Face à ces accusations, pour le moins ciblées, dont certaines grandes personnalités politiques, au-delà des officiers militaires, se font de plus en plus échos, à commencer par le président Mahamadou Issoufou, l’Onu, dont les regards sont rivés, ces derniers temps, dans la perspective du renouvellement du mandat de la Minusma (qui doit intervenir en fin de ce mois de juin), doit littéralement prendre ses responsabilités pour que le processus ne dérape pas par tant d’atermoiements et de connexions avec les groupes terroristes de la part de ceux-là mêmes qui sont censés poursuivre les efforts en faveur de la paix dans le pays.

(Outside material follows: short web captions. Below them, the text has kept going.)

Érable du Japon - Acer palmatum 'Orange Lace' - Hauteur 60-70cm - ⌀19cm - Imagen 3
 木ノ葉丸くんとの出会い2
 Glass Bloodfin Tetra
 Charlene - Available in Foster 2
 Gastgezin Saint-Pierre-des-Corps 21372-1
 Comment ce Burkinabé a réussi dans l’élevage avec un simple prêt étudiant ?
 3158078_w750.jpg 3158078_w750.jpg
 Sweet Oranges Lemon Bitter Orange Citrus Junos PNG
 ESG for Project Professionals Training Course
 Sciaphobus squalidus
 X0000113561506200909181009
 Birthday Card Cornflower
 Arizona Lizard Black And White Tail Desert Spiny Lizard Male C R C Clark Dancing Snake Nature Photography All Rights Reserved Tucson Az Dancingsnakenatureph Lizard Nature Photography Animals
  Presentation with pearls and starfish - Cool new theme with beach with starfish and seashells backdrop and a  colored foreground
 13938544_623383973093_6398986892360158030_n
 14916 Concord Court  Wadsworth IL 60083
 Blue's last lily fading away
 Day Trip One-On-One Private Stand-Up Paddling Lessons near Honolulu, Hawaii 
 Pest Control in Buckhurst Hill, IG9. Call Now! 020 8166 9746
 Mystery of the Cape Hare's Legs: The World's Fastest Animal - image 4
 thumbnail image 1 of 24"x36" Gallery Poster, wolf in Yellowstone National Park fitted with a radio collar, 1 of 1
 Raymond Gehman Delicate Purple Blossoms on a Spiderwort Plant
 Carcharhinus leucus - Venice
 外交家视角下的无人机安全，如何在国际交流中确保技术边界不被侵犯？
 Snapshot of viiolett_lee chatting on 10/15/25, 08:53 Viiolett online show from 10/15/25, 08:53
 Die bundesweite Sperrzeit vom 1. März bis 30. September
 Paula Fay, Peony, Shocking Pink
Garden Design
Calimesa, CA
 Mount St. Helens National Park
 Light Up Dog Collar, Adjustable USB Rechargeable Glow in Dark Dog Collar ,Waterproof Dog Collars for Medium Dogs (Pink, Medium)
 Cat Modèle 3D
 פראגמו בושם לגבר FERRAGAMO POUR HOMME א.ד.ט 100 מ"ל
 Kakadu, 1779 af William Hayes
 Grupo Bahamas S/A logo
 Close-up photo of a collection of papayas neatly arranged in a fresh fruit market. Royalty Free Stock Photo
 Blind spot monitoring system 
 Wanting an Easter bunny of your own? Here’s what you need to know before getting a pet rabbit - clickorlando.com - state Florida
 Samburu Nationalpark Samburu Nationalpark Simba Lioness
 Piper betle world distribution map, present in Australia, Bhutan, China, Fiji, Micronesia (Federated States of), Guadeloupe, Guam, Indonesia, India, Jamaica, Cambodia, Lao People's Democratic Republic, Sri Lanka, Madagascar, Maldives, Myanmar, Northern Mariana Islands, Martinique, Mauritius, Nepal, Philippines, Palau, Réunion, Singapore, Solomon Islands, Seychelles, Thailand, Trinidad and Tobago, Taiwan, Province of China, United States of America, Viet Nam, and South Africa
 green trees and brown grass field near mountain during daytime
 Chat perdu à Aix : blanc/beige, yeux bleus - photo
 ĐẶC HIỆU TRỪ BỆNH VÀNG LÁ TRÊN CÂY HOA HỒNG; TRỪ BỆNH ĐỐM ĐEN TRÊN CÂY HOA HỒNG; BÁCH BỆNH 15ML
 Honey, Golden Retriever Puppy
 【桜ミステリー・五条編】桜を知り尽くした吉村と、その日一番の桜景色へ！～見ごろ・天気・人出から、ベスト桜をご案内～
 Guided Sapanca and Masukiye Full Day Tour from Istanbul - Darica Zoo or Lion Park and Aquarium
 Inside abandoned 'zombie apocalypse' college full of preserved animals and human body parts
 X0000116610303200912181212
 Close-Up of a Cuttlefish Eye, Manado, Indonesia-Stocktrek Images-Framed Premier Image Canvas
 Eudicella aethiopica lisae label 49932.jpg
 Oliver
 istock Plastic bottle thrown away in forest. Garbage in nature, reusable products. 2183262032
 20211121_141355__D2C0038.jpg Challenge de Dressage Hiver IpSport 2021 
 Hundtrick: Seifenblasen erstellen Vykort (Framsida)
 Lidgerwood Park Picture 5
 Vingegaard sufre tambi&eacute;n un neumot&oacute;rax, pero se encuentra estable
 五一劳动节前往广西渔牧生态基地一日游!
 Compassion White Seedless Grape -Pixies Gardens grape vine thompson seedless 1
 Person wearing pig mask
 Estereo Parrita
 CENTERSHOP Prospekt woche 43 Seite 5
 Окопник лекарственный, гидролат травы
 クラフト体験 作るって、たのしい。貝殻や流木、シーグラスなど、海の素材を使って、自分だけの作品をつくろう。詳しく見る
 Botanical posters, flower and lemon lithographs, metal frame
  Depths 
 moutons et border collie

Pour la stabilisation du pays, à travers la Minusma, l’Onu a régulièrement prévu des sanctions contre les acteurs qui se rendent coupables d’actes hostiles à l’endroit du processus de paix en cours. Depuis, plusieurs années que ces résolutions onusiennes existent dans le cadre de la stabilisation du pays, ces mesures de prévention sont restées toujours lettres mortes. Les accusations de grosses connexions entre certains groupes armés, signataires de l’accord de paix, et les groupes terroristes, ennemis déclarés de ce processus de paix, ne pouvaient pas donc mieux tomber, en ce sens que le conseil de sécurité de l’Onu, dans l’intervalle de quelques seulement, aura à se prononcer sur la situation sécuritaire du pays. Une franche opportunité, pour elle, pour sauver la cause de la paix, d’assumer ses responsabilités face à ces nombreux obstacles perpétrés contre la paix.